The shocking news out of Target earlier this week that it was overloaded with way too much inventory and was about to launch a massive dump-the-stuff program to get rid of it sent the entire retail world into a crazed frenzy.

But, a few days later, as things have settled in, perhaps Target wasn’t so crazy after all. Its stock, if not back to where it was a few weeks ago when the giant retailer issued its quarterly numbers and gave the first warnings of troubles, has recovered most of what it lost this week. (The announcement it was raising its dividend 20% didn’t hurt either.)

More importantly, in the light of the retail day, there appears to be a method to Target’s madness and when all the merchandising dust settles we may look back and say this was a pretty smart move in a very bad situation.

But let’s not forget what got them to this point in the first place: management blew it in when it came to figuring out how much inventory the company needed. They didn’t anticipate the big shifts in consumer spending, they didn’t take into account the wildly rising rate of inflation and they didn’t understand how year-over-year comparisons against stimuli last spring were going to impact disposable incomes now. Target, like many of its competitors, should have known better.

But given the hand they dealt themselves, one can say their doubling down strategy going forward could outsmart everyone else in the end:

• By telling Wall Street how bad things were, just two weeks after releasing miserable numbers, Target CEO Brian Cornell’s full disclosure meant there were no surprises coming down the road. He did the same thing when he took over the company in 2014 and told the Street things were going to be bad for a while as he worked to fix the company. It was a brilliant move that kept the stock damage to a minimum. Investors hate getting blindsided and he made sure that didn’t happen. It appears he has done it again this week.

• By getting out ahead of other competitors who are overloaded with excess goods, Target is the first to the markdown party, always a wise choice. The free advertising the company got by telling shoppers that the bargains were coming was priceless and it didn’t require the image-obsessed retailer to soil its usual marketing and promotional vehicles. How smart was that?

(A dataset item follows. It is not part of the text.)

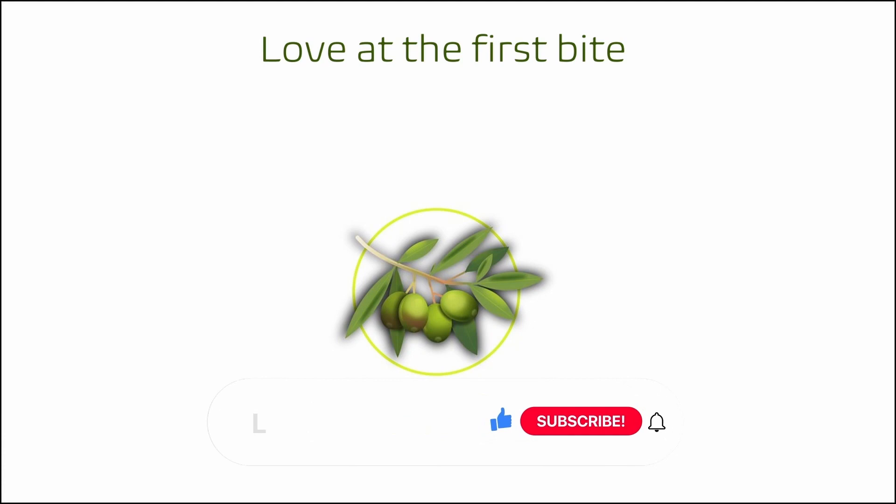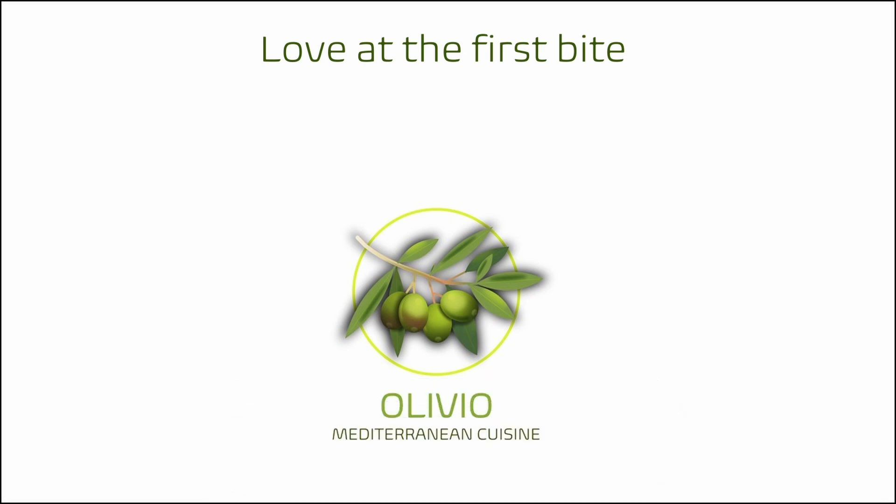I hope you learnt something new and found this video helpful. If yes, please give us a like and consider subscribing. Watch other videos from my channel that you might also like. Thanks for watching.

• And by clearing out the back room fast, Target is opening up space and money to set itself up for the back half of the year when it’s really important. Target’s holiday orders are already in process so it’s unlikely there will be any major adjustments made at this point but all of this does give the company a little extra flexibility to zig and zag accordingly as the economy plays out for the balance of the year.

This was a bad week for Target, coming on the heels of its worst stock sell-off in decades. Its sharees are off about a third from their 52-week high and the bad news in financial performance matrices is expected to continue for at least another quarter.

But, in hindsight even as the initial take was that Target had gone mad, we may look back at its actions this week and decide that indeed Brian Cornell and the rest of tea party were right. After the Mad Hatter asked her, “Have I gone mad?” Alice replied, “I’m afraid so. You’re entirely bonkers. But I’ll tell you a secret. All the best people are.”